Legal/scotus thread

https://marginalrevolution.com/marg...rgument-for-ieepa-tariffs-fails.html#comments

The dissent pushes back with an intuitively appealing argument: IEEPA authorizes the President to prohibit imports entirely, so surely it authorizes the lesser action of merely taxing them. If Congress handed over the nuclear option, why would it withhold the conventional weapon? Indeed in his press conference Trump, in his rambling manner, made exactly this argument:

“I am allowed to cut off any and all trade…I can destroy the trade, I can destroy the country, I’m even allowed to impose a foreign country destroying embargo…I can do anything I want to do to them…I’m allowed to destroy the country, but I can’t charge a little fee.”

The argument is superficially appealing but it fails due to a standard result in principal-agent theory.

Congress wants the President to move fast in a real emergency, but it doesn’t want to hand over routine control of trade policy. The right delegation design is therefore a screening device: give the President authority he will exercise only when the situation is truly an emergency.
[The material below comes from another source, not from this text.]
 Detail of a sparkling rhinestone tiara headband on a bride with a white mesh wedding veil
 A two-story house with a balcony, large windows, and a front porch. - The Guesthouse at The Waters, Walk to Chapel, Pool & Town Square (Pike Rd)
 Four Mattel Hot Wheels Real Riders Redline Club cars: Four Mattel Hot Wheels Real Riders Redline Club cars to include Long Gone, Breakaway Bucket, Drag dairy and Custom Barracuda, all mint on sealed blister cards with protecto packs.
An import ban works as a screening device precisely because it is very disruptive. A ban creates immediate and substantial harm. It is a “costly signal.” A President who invokes it is credibly saying: this is serious enough that I am willing to absorb a large cost. Tariffs, in contrast, are cheaper–especially to the President. Tariffs raise revenue, which offsets political pain. Tariff incidence is diffuse and easy to misattribute—prices creep, intermediaries take blame, consumers don’t observe the policy lever directly. Most importantly tariffs are adjustable, which makes them a weapon useful for bargaining, exemptions, and targeted favors. Tariffs under executive authority implicitly carry the message–I am the king; give me a gold bar and I will reduce your tariffs. Tariff flexibility is more politically appealing than a ban and thus a less credible signal of an emergency. The “lesser-included” argument gets the logic backwards. The asymmetry is the point.
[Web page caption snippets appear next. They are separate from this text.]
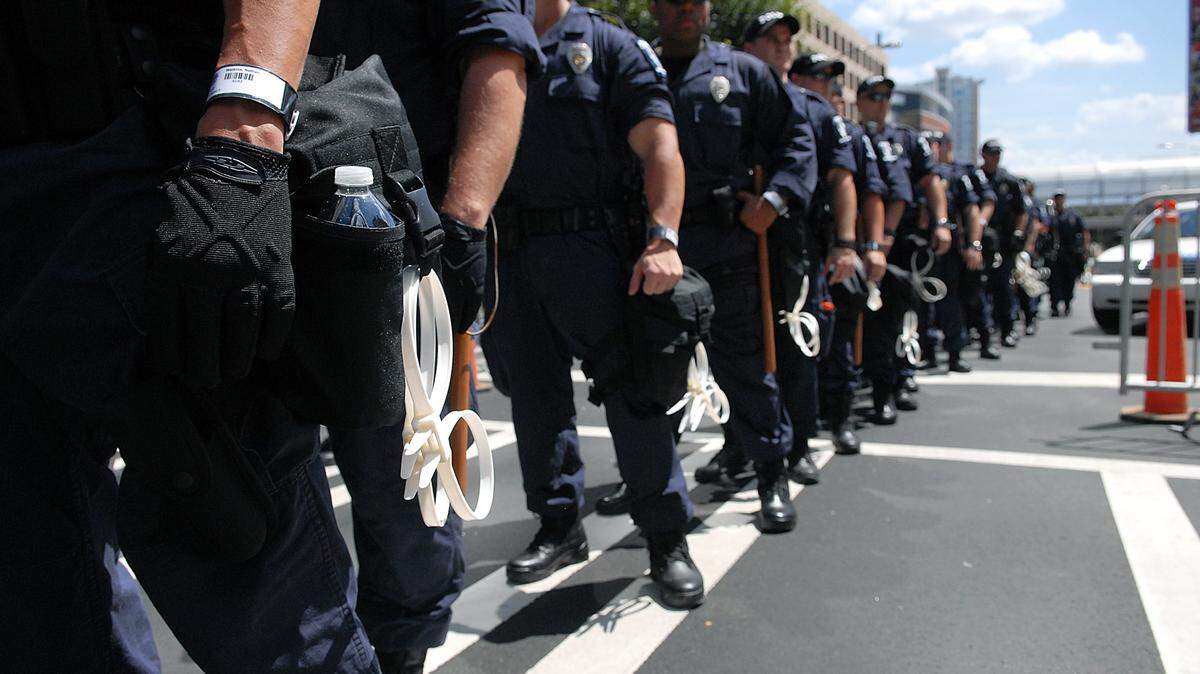CMPD police officers, ready with plastic handcuffs, wait to line the protest route at the corner of Trade and College Streets for the DNC in 2012.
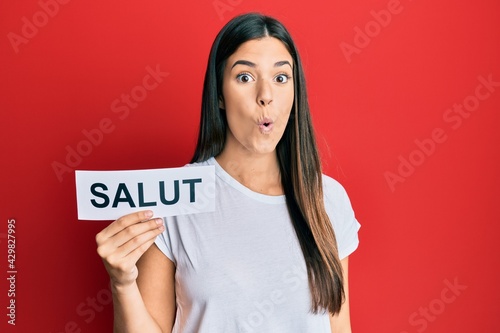 Young brunette woman holding salut french greeting scared and amazed with open mouth for surprise, disbelief face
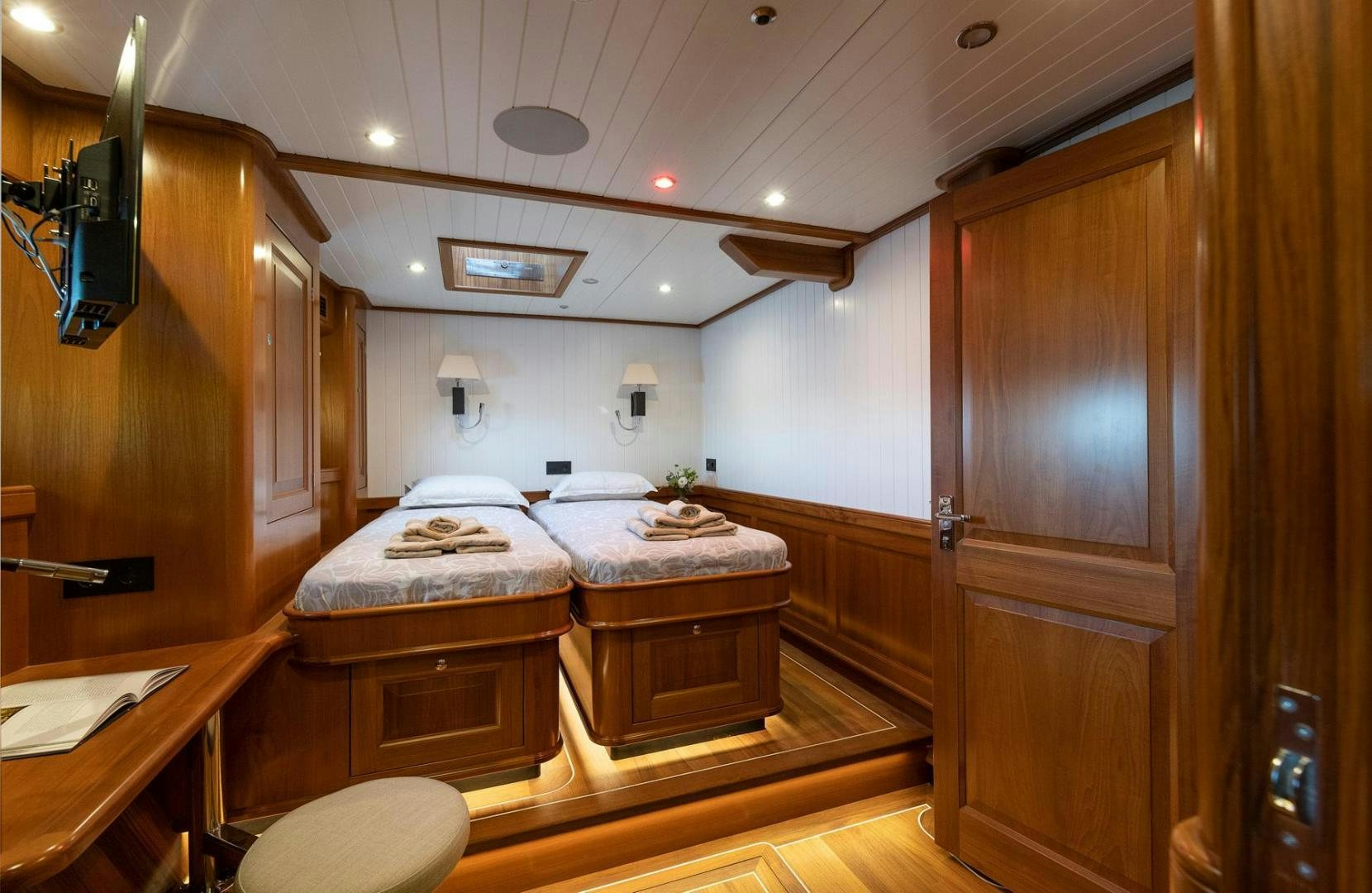 a room with a bed and a desk aboard MELODY Yacht for Sale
Not surprisingly, the same structure appears in real emergency services. A fire chief may have the authority to close roads during an emergency but that doesn’t imply that the fire chief has the authority to impose road tolls. Road closure is costly and self-limiting — it disrupts traffic, generates immediate complaints, and the chief has every incentive to lift it as soon as possible. Tolls are cheap, adjustable, and once in place tend to persist; they generate revenue that can fund the agency and create constituencies for their continuation. Nobody thinks granting a fire chief emergency closure authority implicitly grants them taxing authority, even if the latter is a lesser authority. The closure and toll instruments have completely different political economy properties despite operating on the same roads.

The majority reaches the right conclusion by noting that tariffs are a tax over which Congress, not the President, has authority. That is constitutionally correct but the deeper question is why the Framers lodged the taxing power in Congress — and the answer is political economy. Revenue instruments are especially easy for an executive to exploit because they can be targeted. The constitutional rule exists to solve that incentive problem.

Once you see that, the dissent’s “greater includes the lesser” inference collapses on its own terms. A principal can rationally authorize am agent to take a dramatic emergency action while withholding the cheaper, revenue-lever not despite the fact that it seems milder, but because of it. The blunt instrument is self-limiting. The revenue instrument is not. That asymmetry is what the Constitution’s categorical division of powers preserves — and what an open-ended emergency delegation would destroy.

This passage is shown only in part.